_The data:_

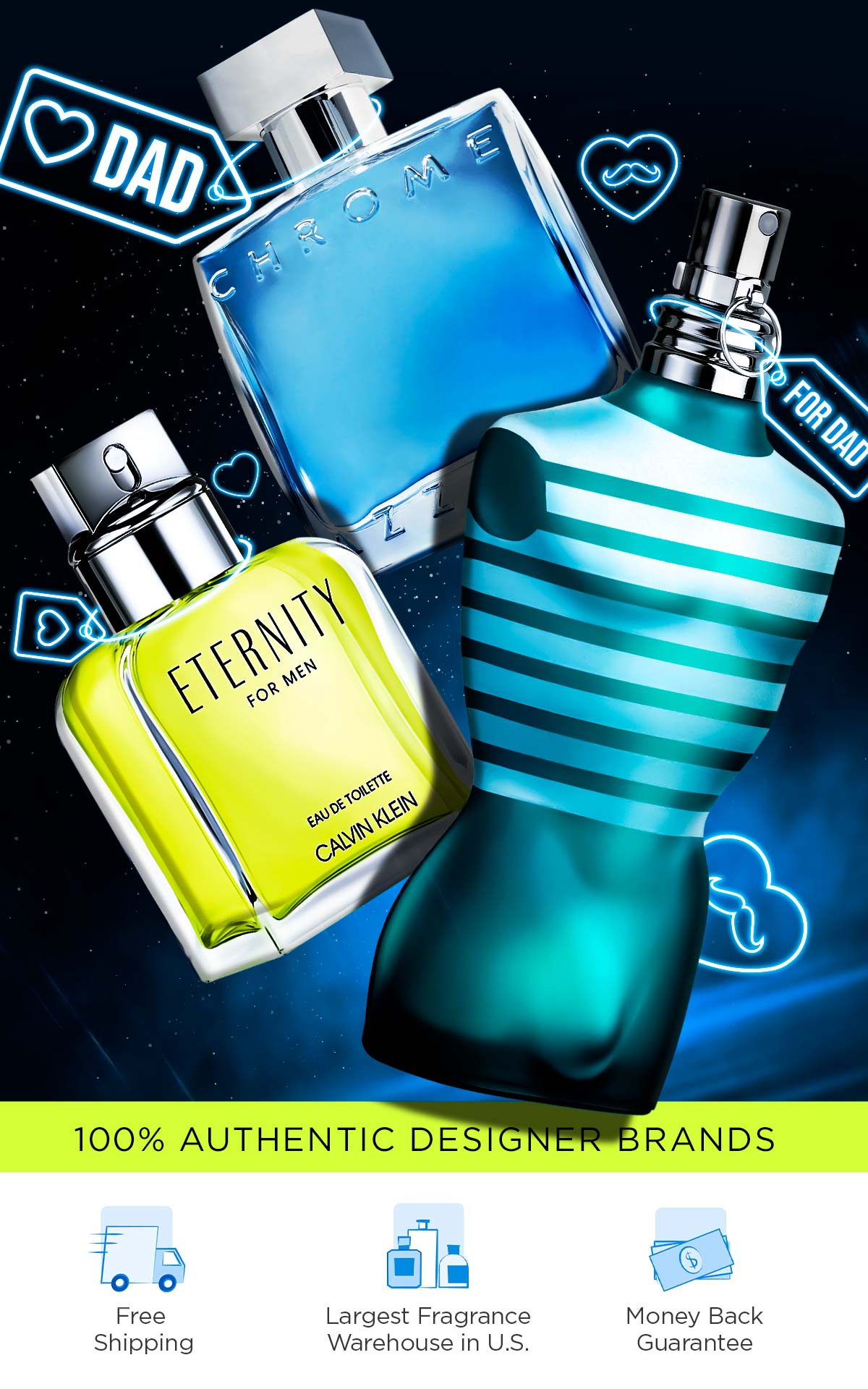 Giftable fragrances for him with neon tags for Father's Day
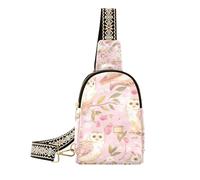 miaozhen Sac banane tendance avec motif chouette gris pêche doré multi-usage grand sac banane pour la randonnée, Dessin animé Great Grey Owl Peach Gold, Sacs à main à bandoulière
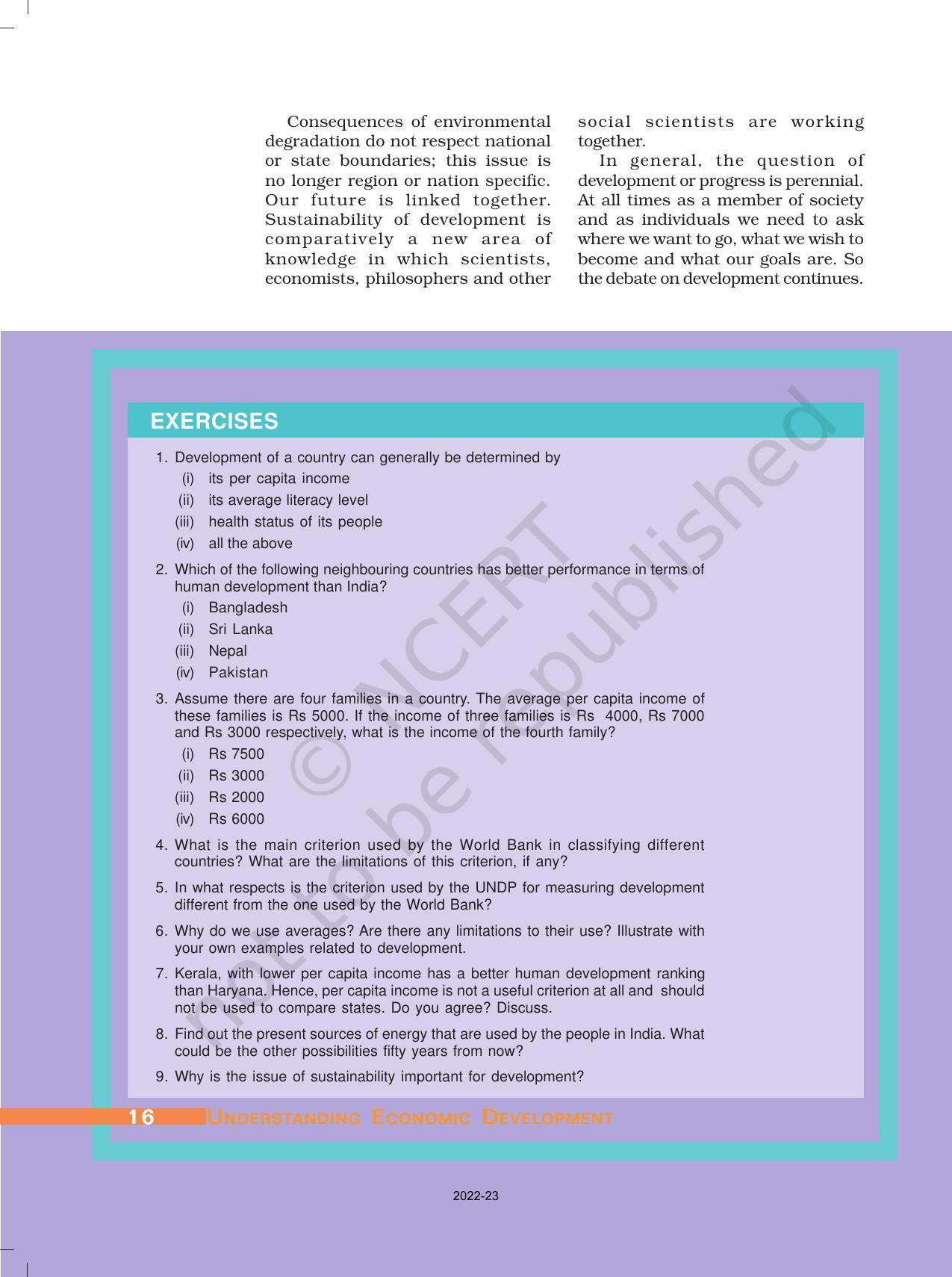 NCERT Book for Class 10 Economics Chapter 1 Development - Page 15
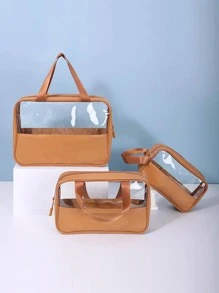 Túi du lịch vệ sinh không thấm nước di động 1 cái - màu nâu - Xem 1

_What is required:_ Only the lines from the one containing "NCERT Book for" through the last line of the data belong in the copy, both included and reproduced exactly. Pictures do not.

_Result:_
 NCERT Book for Class 10 Economics Chapter 1 Development - Page 15
 Túi du lịch vệ sinh không thấm nước di động 1 cái - màu nâu - Xem 1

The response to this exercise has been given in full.